拝啓 ケント•デリカット様
元気にしていますか?
旧友の愛息が眼鏡をかけはじめたらしい。

ふと、ケント(呼び捨て御免)のことを想いだしたのは、つい数日前。
彼女(旧友)との電話の最中だ。
3歳になる息子が、生まれつき「遠視」だったらしい。
検査もろもろで発覚したという。
来春から幼稚園に入ろうとする長男が、常時、眼鏡をかけることを彼女は懸念していたように感じた。
先週の土曜日から最新の遠視用眼鏡をかけているらしい彼、のことは本人が生後1歳に満たない頃から知っている。
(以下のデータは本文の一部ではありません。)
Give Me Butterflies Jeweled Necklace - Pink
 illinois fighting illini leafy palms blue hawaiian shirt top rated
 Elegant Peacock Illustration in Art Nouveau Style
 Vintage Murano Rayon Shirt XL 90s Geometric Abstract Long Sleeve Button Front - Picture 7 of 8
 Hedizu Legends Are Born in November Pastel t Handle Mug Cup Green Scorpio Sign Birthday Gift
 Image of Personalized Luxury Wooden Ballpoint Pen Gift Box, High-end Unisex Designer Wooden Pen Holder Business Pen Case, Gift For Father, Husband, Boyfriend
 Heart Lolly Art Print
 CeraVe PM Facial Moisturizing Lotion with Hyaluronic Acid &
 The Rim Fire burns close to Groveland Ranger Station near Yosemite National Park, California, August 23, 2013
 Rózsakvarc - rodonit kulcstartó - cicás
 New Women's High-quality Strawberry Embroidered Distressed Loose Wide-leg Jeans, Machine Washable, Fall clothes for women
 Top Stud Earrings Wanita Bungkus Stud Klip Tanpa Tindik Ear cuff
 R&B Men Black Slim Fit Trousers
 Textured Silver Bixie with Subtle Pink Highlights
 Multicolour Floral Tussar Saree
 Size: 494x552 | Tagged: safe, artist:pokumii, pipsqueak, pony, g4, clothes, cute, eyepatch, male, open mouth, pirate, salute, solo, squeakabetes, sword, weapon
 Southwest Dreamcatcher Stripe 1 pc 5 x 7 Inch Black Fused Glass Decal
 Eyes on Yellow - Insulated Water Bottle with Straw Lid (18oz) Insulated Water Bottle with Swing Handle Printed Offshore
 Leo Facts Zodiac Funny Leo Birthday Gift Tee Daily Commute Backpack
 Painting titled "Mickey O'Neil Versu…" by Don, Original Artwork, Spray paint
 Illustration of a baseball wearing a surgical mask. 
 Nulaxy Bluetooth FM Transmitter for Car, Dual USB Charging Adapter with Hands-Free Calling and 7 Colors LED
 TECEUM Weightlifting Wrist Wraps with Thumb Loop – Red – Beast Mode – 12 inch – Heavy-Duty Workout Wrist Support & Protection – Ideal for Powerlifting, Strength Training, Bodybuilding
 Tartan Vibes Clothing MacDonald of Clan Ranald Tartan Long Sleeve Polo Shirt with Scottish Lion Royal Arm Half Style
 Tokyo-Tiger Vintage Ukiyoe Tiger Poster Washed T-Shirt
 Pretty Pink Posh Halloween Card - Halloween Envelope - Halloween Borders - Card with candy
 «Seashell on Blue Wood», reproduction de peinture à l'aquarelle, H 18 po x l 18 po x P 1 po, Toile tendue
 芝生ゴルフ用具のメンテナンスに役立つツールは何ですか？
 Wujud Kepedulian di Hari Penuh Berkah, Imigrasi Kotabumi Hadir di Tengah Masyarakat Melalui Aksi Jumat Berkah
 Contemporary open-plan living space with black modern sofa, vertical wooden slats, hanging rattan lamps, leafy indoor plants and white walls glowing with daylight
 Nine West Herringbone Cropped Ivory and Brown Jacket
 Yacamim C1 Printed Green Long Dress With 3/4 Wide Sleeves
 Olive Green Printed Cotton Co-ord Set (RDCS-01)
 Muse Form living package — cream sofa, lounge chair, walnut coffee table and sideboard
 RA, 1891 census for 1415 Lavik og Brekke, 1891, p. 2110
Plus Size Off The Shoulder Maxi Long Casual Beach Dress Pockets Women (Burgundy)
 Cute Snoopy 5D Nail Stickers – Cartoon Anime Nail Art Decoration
1歳になった頃、泣きながら私のことを「パパ」と呼んだ。
(私の)声があまりにも低いので、お父さんと間違ったらしい。
2歳の頃、電話口で親しげに私の名前を呼び、聞き取りにくい言葉で声たからかに話しかけながら、「この人、誰?」と、突然受話器を置いてどこかへいってしまった。
電話越しでなければ、全身こそばしの刑だった。
3歳の今、何とも知的な君の眼鏡姿にうっとりする。
「どこ見てるん?」
「何考えてんの?」
目に見えて分かる君の成長に、ただただ微笑んでしまう。
オー、マイ•ケント。
今度会う時は、名前と顔が一致してくれることを祈るよ。